A defendant is an undocumented alien who is arrested for a crime. He is given a secured bond by the magistrate, placed in custody in the jail, and served with a US Immigration and Customs Enforcement (ICE) detainer. The defendant hires a bondsman to pay the secured bond and the bondsman does so. ICE comes to the jail and takes the defendant into custody, transporting him to a federal holding facility. The defendant’s court-appointed lawyer brings verification of the defendant’s detention by ICE to the prosecutor handling the case. Later, the defendant’s lawyer appears in court on the defendant’s court date and explains to the court that the defendant is in the custody of ICE. The defense lawyer asks the state to have the defendant brought to trial, enter a voluntary dismissal, or dismiss the case with leave pursuant to N.C. Gen. Stat.§15A-932.
The prosecutor asks the judge to call the defendant for failure to appear and to issue an order for his arrest pursuant to N.C. Gen. Stat.§15A-305(b)(2) which provides that “[a]n order for arrest may be issued when:...[a] defendant who has been arrested and released from custody pursuant to Article 26 of this Chapter, Bail, fails to appear as required.”
The court enters a forfeiture of the bond pursuant to N.C. Gen. Stat.§15A-544.3(a), which provides that when a defendant who was released upon execution of a bail bond fails to appear before the court as required, the court shall enter a forfeiture for the amount of the bail bond in favor of the state and against the defendant and the surety on the bail bond. Nevertheless, N.C. Gen.

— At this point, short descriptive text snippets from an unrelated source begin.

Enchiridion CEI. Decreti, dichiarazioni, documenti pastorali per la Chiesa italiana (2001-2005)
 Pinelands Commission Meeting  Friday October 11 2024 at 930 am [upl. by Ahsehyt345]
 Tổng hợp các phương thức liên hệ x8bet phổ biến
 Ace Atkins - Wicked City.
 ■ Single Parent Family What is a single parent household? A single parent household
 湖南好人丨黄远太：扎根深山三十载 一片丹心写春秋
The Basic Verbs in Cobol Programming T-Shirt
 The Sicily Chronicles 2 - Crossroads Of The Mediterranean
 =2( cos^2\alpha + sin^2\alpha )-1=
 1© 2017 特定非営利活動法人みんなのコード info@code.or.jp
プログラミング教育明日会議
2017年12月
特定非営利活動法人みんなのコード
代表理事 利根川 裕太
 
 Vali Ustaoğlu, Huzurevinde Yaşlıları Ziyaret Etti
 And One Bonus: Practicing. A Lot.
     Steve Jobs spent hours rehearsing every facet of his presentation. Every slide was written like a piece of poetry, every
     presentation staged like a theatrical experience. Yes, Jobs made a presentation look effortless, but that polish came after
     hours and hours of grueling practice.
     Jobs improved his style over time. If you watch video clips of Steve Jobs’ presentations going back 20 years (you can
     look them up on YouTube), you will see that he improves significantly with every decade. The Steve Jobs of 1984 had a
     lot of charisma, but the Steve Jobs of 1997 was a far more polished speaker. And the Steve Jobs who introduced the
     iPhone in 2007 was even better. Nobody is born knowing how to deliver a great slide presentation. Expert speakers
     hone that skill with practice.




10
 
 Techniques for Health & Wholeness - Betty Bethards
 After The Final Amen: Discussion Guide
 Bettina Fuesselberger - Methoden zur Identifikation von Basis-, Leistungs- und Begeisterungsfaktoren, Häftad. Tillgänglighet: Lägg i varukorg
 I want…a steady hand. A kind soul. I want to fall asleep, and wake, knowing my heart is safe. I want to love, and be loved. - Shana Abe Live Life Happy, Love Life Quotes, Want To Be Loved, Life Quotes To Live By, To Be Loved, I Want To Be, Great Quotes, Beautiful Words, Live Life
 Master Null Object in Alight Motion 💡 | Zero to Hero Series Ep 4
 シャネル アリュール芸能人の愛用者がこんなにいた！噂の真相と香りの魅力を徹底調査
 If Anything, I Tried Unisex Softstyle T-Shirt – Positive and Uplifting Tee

Stat.§15A-544.3(b)(9) provides that a forfeiture of a bail bond will be set aside if, on or before the final judgment date, “satisfactory evidence is presented to the court” that one of a number of listed “events” has occurred. That list includes the following “event” at subparagraph (vii):
the defendant was incarcerated in a local, state, or federal detention center, jail, or prison located anywhere within the borders of the United States at the time of the failure to appear, and the district attorney for the county in which the charges are pending was notified of the defendant's incarceration while the defendant was still incarcerated and the defendant remains incarcerated for a period of 10 days following the district attorney's receipt of notice, as evidenced by a copy of the written notice served on the district attorney via hand delivery or certified mail and written documentation of date upon which the defendant was released from incarceration, if the defendant was released prior to the time the motion to set aside was filed.
N.C. Gen. Stat.§15A-544.3(b)(9); accord N.C. Gen. Stat.§15A-544.5(b)(7).
If ICE decides to release the defendant from custody and there is an outstanding order for his arrest from a North Carolina court, ICE will detain the defendant until he can be released to the custody of the State.1 See N.C. Gen. Stat.§15A-761.
Is the prosecutor’s conduct a violation of Rule 3.8 or any other Rule of Professional Conduct?
No. Rule 3.8, on the special responsibilities of a prosecutor, prohibits a prosecutor from prosecuting a charge that the prosecutor knows is not supported by probable cause. The comment to the rule, moreover, emphasizes the prosecutor’s duty to seek justice. However, there is no legal requirement that a defendant’s failure to appear in court be willful. In the instant inquiry, the legal requirements for requesting an order of arrest were satisfied and there was a procedural reason for seeking the order of arrest. Therefore, although the prosecutor knows that the defendant’s failure to appear is not willful, the prosecutor’s exercise of his professional discretion within the requirements of the law does not violate the Rules of Professional Conduct.
Did the judge violate the Rules of Professional Conduct or the Code of Judicial Conduct by issuing the order for arrest and forfeiting the bond?
Opining on the professional conduct of judicial officers is outside the purview of the Ethics Committee. Therefore, no opinion will be offered in response to this question.